═══ The data ═══
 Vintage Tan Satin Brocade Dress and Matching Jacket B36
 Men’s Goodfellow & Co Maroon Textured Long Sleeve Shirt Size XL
═══
═══ The data ═══
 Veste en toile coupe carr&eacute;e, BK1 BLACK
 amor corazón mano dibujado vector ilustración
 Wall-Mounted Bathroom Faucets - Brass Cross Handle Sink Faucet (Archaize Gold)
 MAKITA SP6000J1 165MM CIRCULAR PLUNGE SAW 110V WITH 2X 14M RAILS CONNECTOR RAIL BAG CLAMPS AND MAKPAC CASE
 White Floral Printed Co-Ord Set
═══
Problem to work on: Reproduce exactly the lines above from the line with "Vintage Tan Satin" to the line with "Men’s Goodfellow &", including both, and add nothing.

Completed exercise:
 Vintage Tan Satin Brocade Dress and Matching Jacket B36
 Men’s Goodfellow & Co Maroon Textured Long Sleeve Shirt Size XL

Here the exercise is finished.